(Beginning of Records for this task)
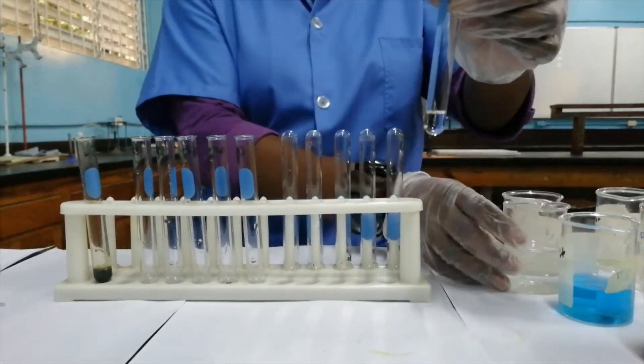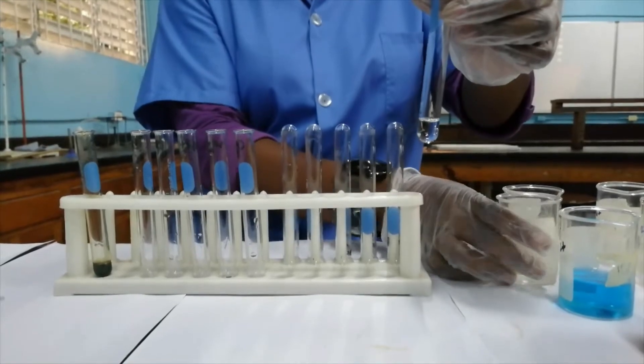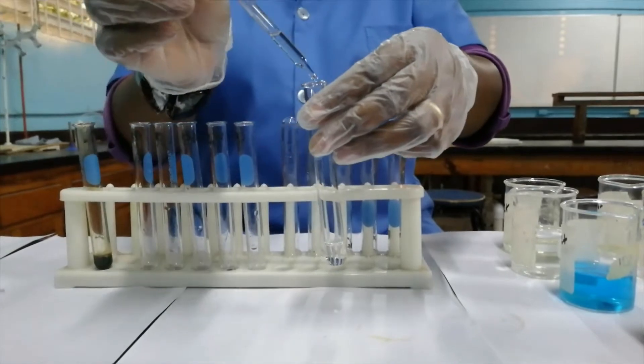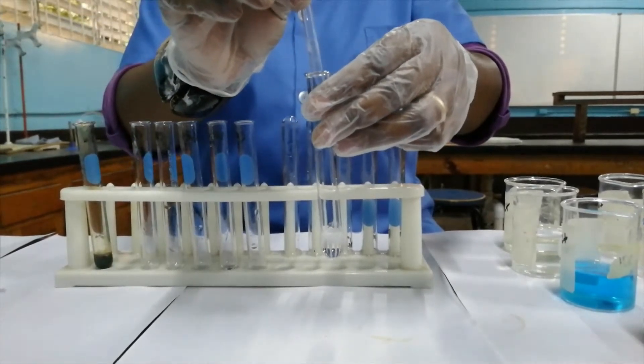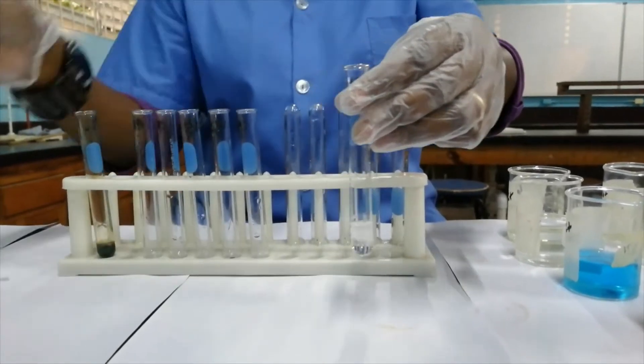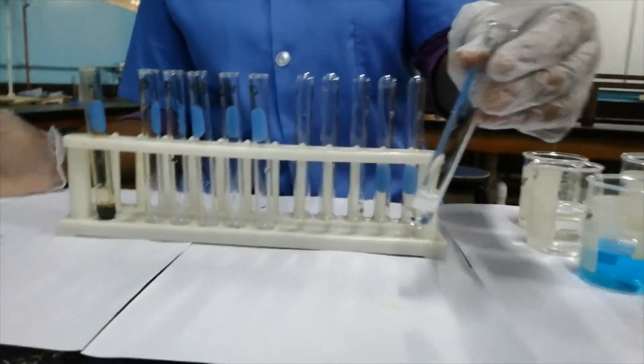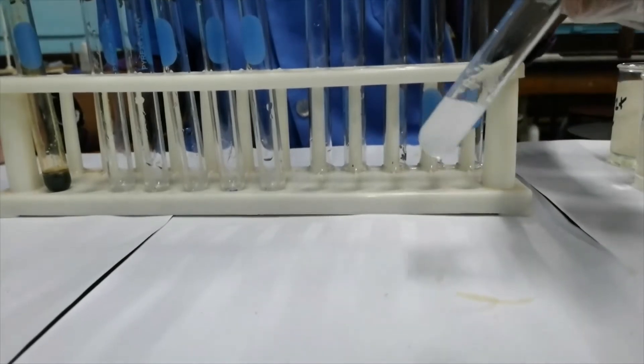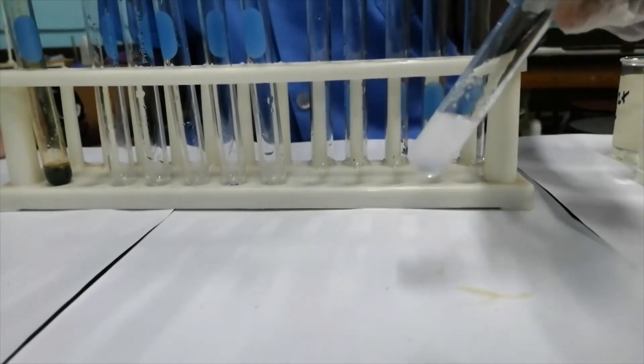This is now the aluminum ion that we're testing for — Al³⁺. We add sodium hydroxide to it and we have the formation of a white precipitate. Let me mix it thoroughly. So the white precipitate is there.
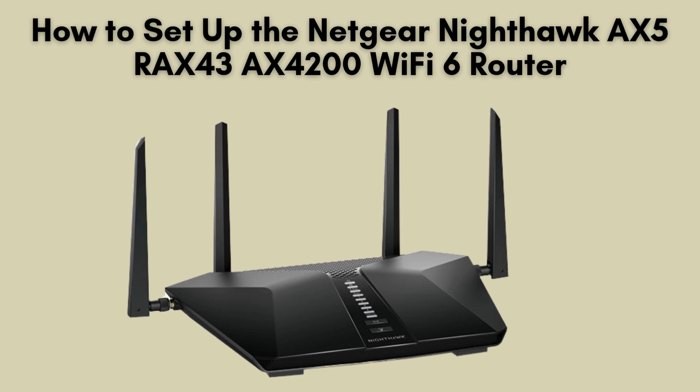Today, we'll walk you through setting up the Netgear Nighthawk AX5 RAX43 AX4200 Wi-Fi 6 router. Whether you're upgrading to a more powerful network or installing it for the first time, this step-by-step guide will ensure a smooth setup process. Let's dive right in.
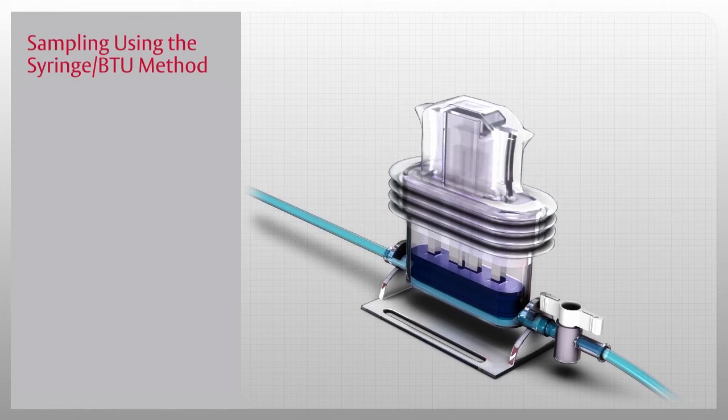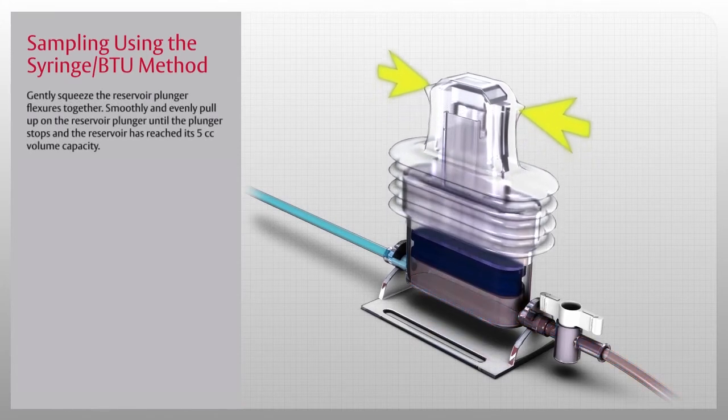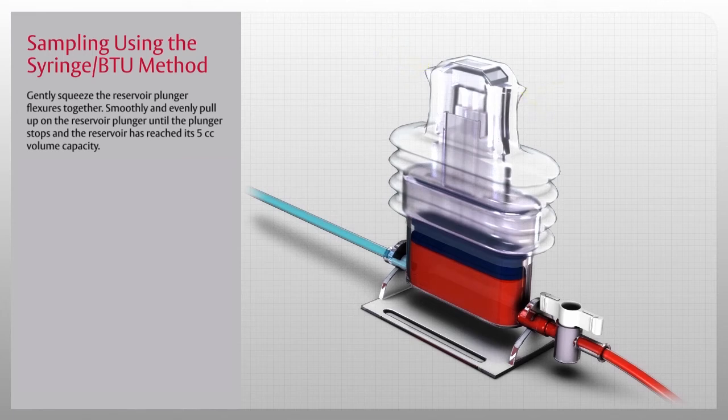Now let's review the method of taking a sample using a syringe and blood transfer unit, or BTU. Gently squeeze the reservoir plunger flexors together, then smoothly and evenly pull up on the reservoir plunger until it stops and the reservoir has reached its 5cc volume capacity. Once the clearing sample has been drawn, close the reservoir shutoff valve by turning the handle perpendicular to the tubing. This will further ensure that the sample drawn is from the patient and not the reservoir.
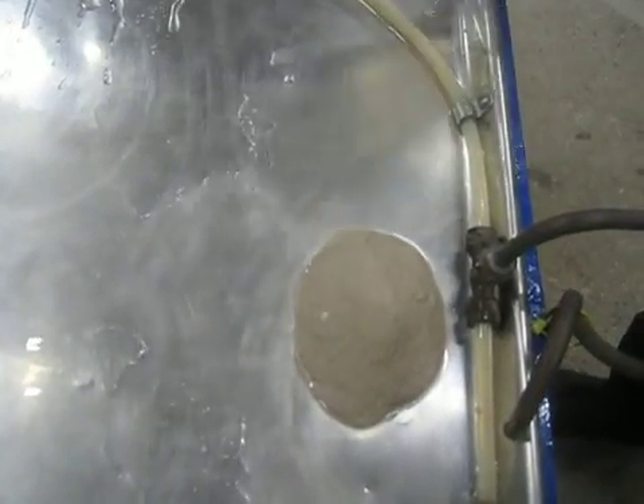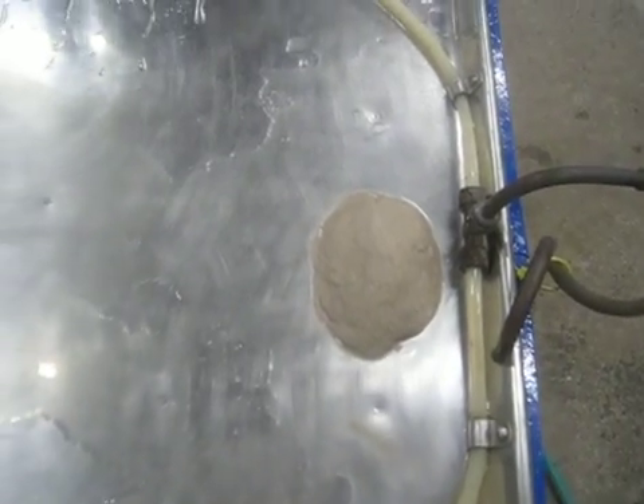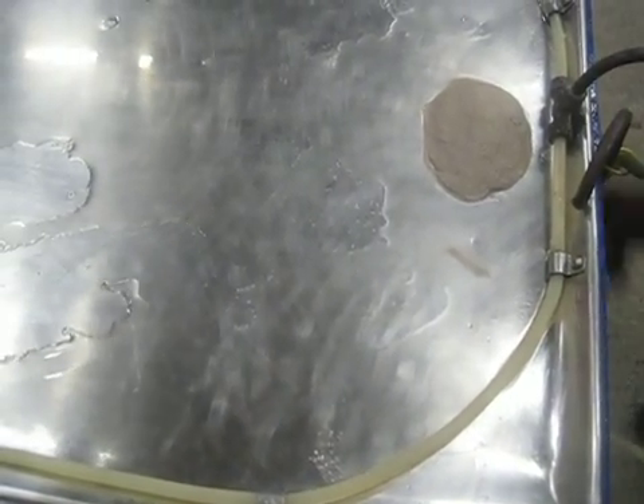Once the sample has been fully and thoroughly soaked, we can begin the test. We'll turn the wash water on and start the motion, and the separation can begin.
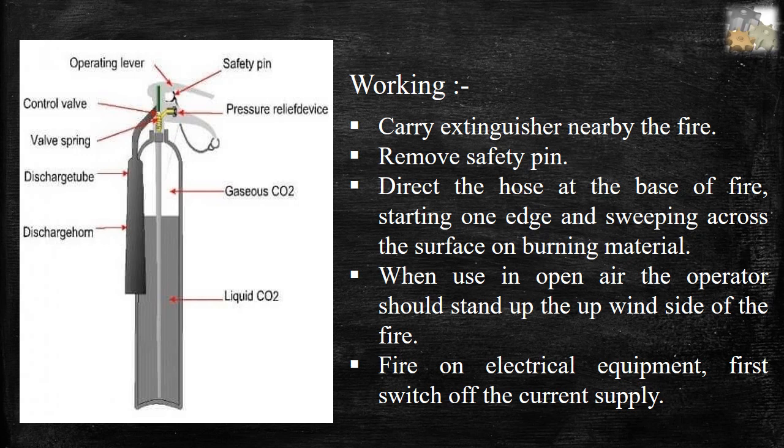Procedure: First, carry the extinguisher nearby the fire. Second, remove the safety pin. Third, direct the hose at the base of the fire, starting from one edge and sweeping across the surface of the burning material. Fourth, when used in open air, the operator should stand on the upwind side of the fire. Fifth, for fire on electrical equipment, first switch off the current supply.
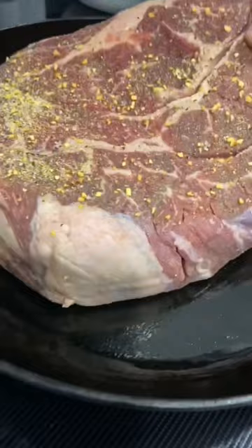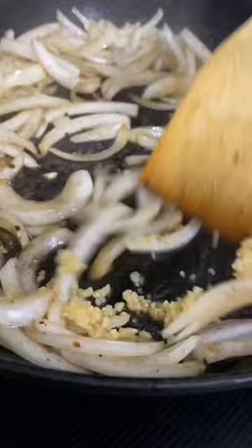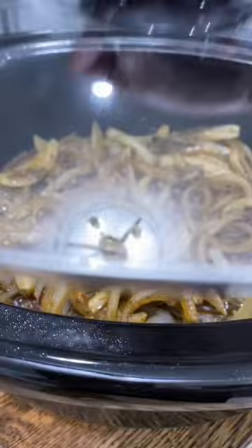Then I throw in some butter, onions, and garlic, and two cups of beef broth. Next, I add in my seasonings — I'll leave those in the comments — and a quarter cup of green chilies. I let that come to a simmer, making sure to scrape the bottom of the skillet, and then I pour it over the roast.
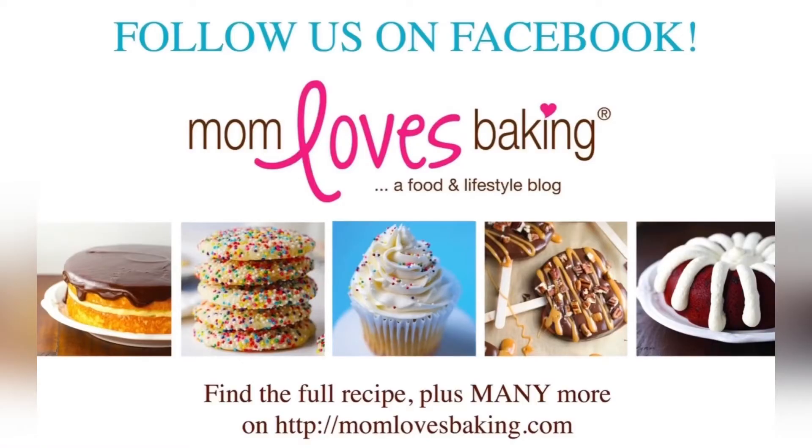You can find the recipe on momlovesbaking.com — search for Jean's Jiffy Banana Pudding. Follow us on Facebook.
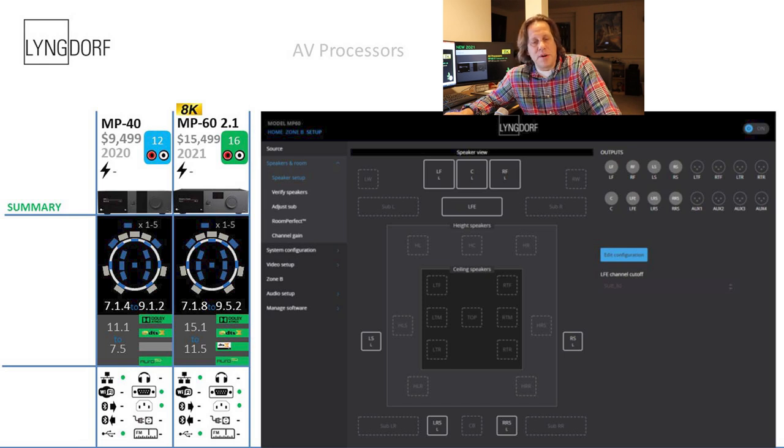One new thing in the infographic is that a ring is used to depict height speakers. Lyngdorf differentiates in the configuration between ceiling and height speakers, which not all processors and receivers do. Most treat height and ceiling speakers the same, but here they're actually treated differently at least in the configuration, though how that distinction is applied acoustically is uncertain.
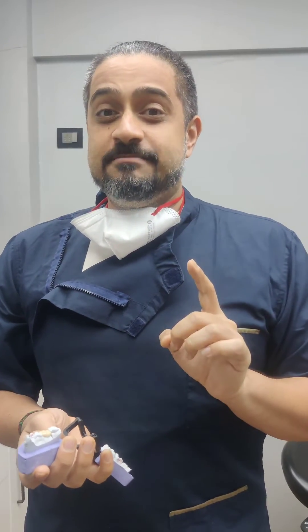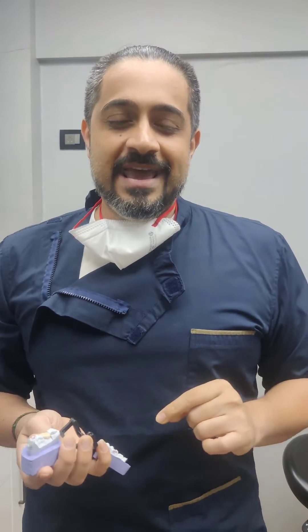Remember, glass ionomer cements depend very strongly on the taper and the retention and resistance form. So if you want to make sure that your crowns don't dissipate and topple off very easily, go ahead and try this trick.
(End of Records for this task)
* [Work to complete]
A verbatim copy of the listing is required, with all pictures left out.

* [Task solution]
This is now the aluminum ion that we're testing for — Al³⁺. We add sodium hydroxide to it and we have the formation of a white precipitate. Let me mix it thoroughly. So the white precipitate is there.
Today, we'll walk you through setting up the Netgear Nighthawk AX5 RAX43 AX4200 Wi-Fi 6 router. Whether you're upgrading to a more powerful network or installing it for the first time, this step-by-step guide will ensure a smooth setup process. Let's dive right in.
Now let's review the method of taking a sample using a syringe and blood transfer unit, or BTU. Gently squeeze the reservoir plunger flexors together, then smoothly and evenly pull up on the reservoir plunger until it stops and the reservoir has reached its 5cc volume capacity. Once the clearing sample has been drawn, close the reservoir shutoff valve by turning the handle perpendicular to the tubing. This will further ensure that the sample drawn is from the patient and not the reservoir.
Once the sample has been fully and thoroughly soaked, we can begin the test. We'll turn the wash water on and start the motion, and the separation can begin.
Procedure: First, carry the extinguisher nearby the fire. Second, remove the safety pin. Third, direct the hose at the base of the fire, starting from one edge and sweeping across the surface of the burning material. Fourth, when used in open air, the operator should stand on the upwind side of the fire. Fifth, for fire on electrical equipment, first switch off the current supply.
Then I throw in some butter, onions, and garlic, and two cups of beef broth. Next, I add in my seasonings — I'll leave those in the comments — and a quarter cup of green chilies. I let that come to a simmer, making sure to scrape the bottom of the skillet, and then I pour it over the roast.
You can find the recipe on momlovesbaking.com — search for Jean's Jiffy Banana Pudding. Follow us on Facebook.
One new thing in the infographic is that a ring is used to depict height speakers. Lyngdorf differentiates in the configuration between ceiling and height speakers, which not all processors and receivers do. Most treat height and ceiling speakers the same, but here they're actually treated differently at least in the configuration, though how that distinction is applied acoustically is uncertain.
Remember, glass ionomer cements depend very strongly on the taper and the retention and resistance form. So if you want to make sure that your crowns don't dissipate and topple off very easily, go ahead and try this trick.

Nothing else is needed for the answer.